First reported by Channel 2 last night, and then explored in-depth in today’s Atlanta Journal-Constitution, Clay Tippins has released a recording of a conversation he had with Cagle about his backing of the student scholarship organization (SSO) bill – that passed – in which Cagle admitted to pushing the bill he knew to be terrible policy (1,000 different ways, apparently) just to prevent the Walton Foundation from donating $3 million to another opponent in the race, Hunter Hill.
Yuck.
We’d like to believe that money doesn’t completely run the show in this country – that our legislators can, and occasionally do, think for themselves and put the good of the country first. Then, there is the transcript from Tippins’ recording to remind us that’s not even remotely true. And not only is that not true, but there’s not even a good guy in this picture. No, Tippins is not the good guy here.
Georgia is a state where it’s legal to record a conversation if one of the parties involved knows it’s happening, which in this case was Tippins. However, if you think he went into recording this conversation with the best of intentions of everyday Georgians at heart, folks, I have some oceanfront property in Colorado I’d like to sell you. I’ve never met Clay Tippins, but it took exactly ten minutes into the last gubernatorial debate for me to sum him up: He thinks he’s awesome and that he knows way more than he actually does. Why Casey Cagle would even talk to Tippins about super-secret reasoning (especially when it’s super-bad) is beyond me, so I don’t sympathize. Not even a little.

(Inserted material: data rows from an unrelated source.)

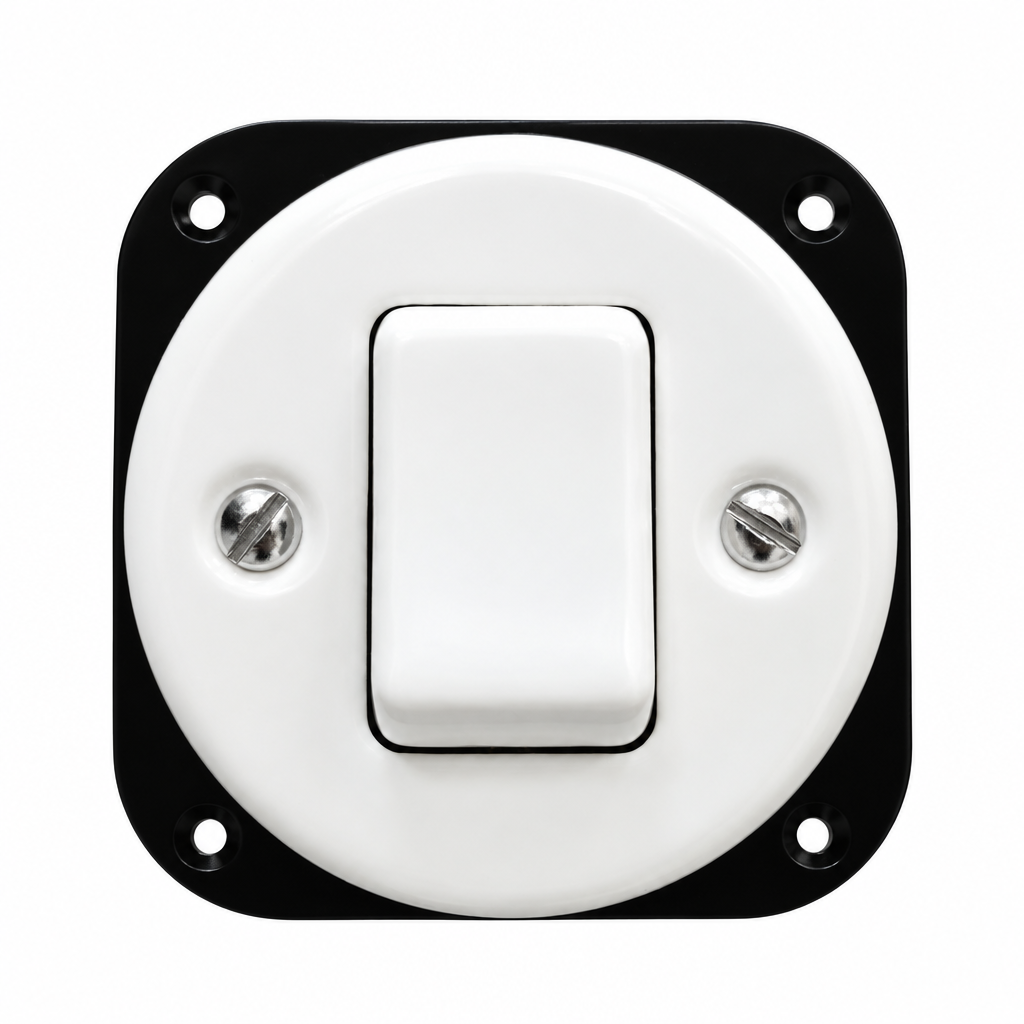 Flush Mount Crossing / Intermediate Rocker Light Switch Insert - Single in White Porcelain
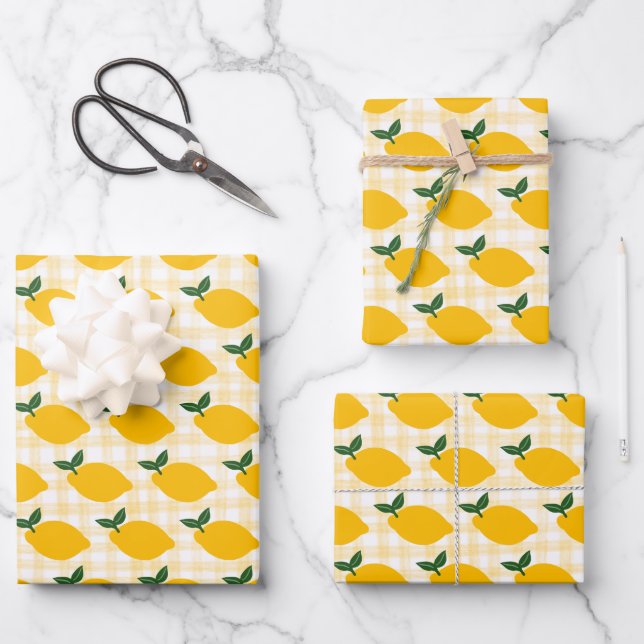 Lemons Gingham Niedlich CUSTOM Brautparty Geburtst Geschenkpapier Set (Vorderseite)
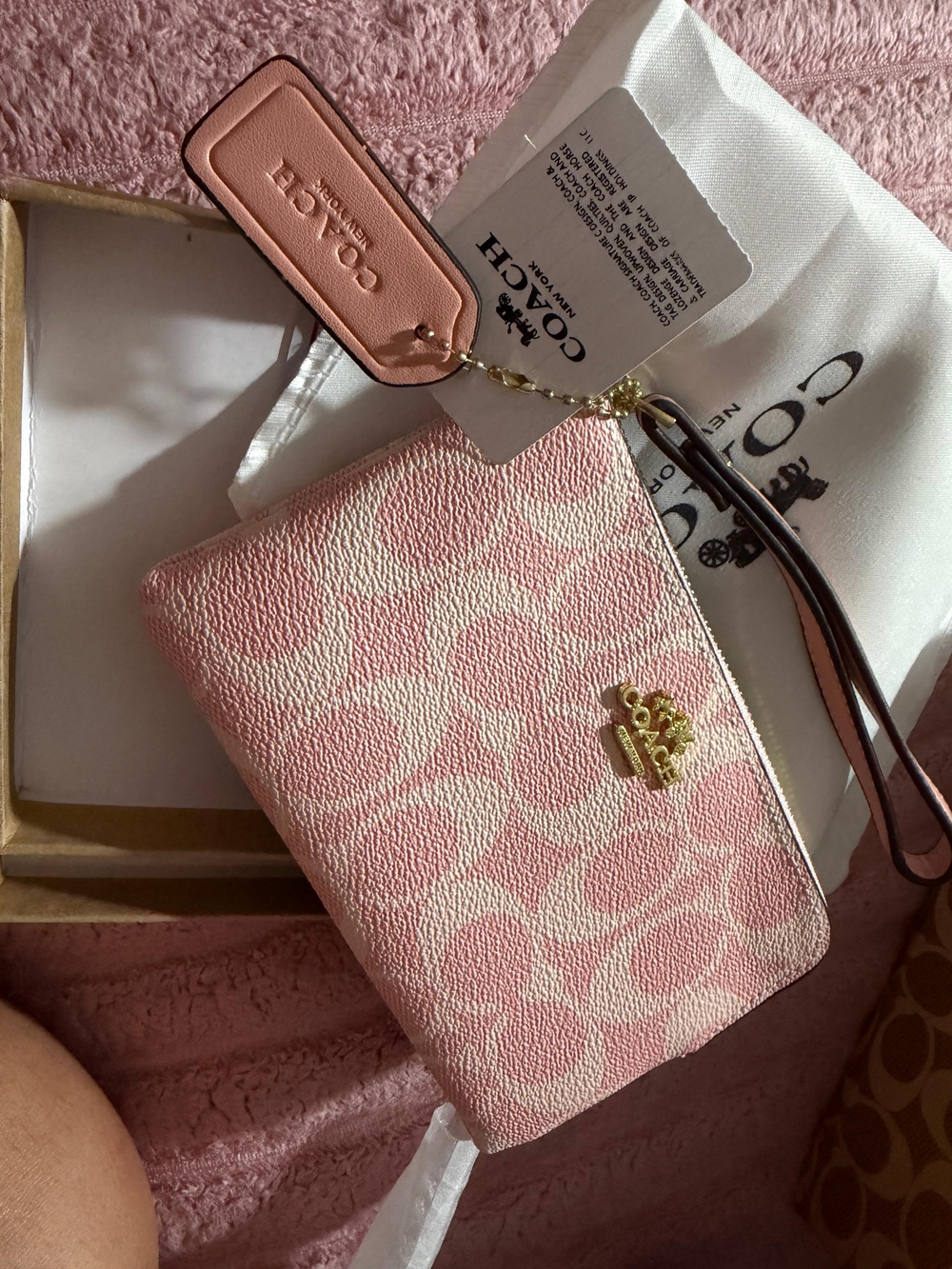 Coach Pink Signature Wristlet Pouch with Gold Logo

Of course, Tippins wanted to prove that Cagle would sell out to big donors. Duh, dude. That clearly happened when he threw Delta under the bus to secure the NRA endorsement. I guess this is further proof, but who really needed it?
On another note, Cagle clearly was worried about Hunter Hill. I do not understand this fear, but perhaps in that gubernatorial debate I watched, Hill forgot to sharpen his knives. Perhaps Cagle should have been scared… but not from what I witnessed. So, not only was this an amateurish mistake, it was totally unnecessary.
What a mess. How it affects Cagle’s poll numbers remains to be seen, but I can imagine this will tighten the race with Kemp significantly.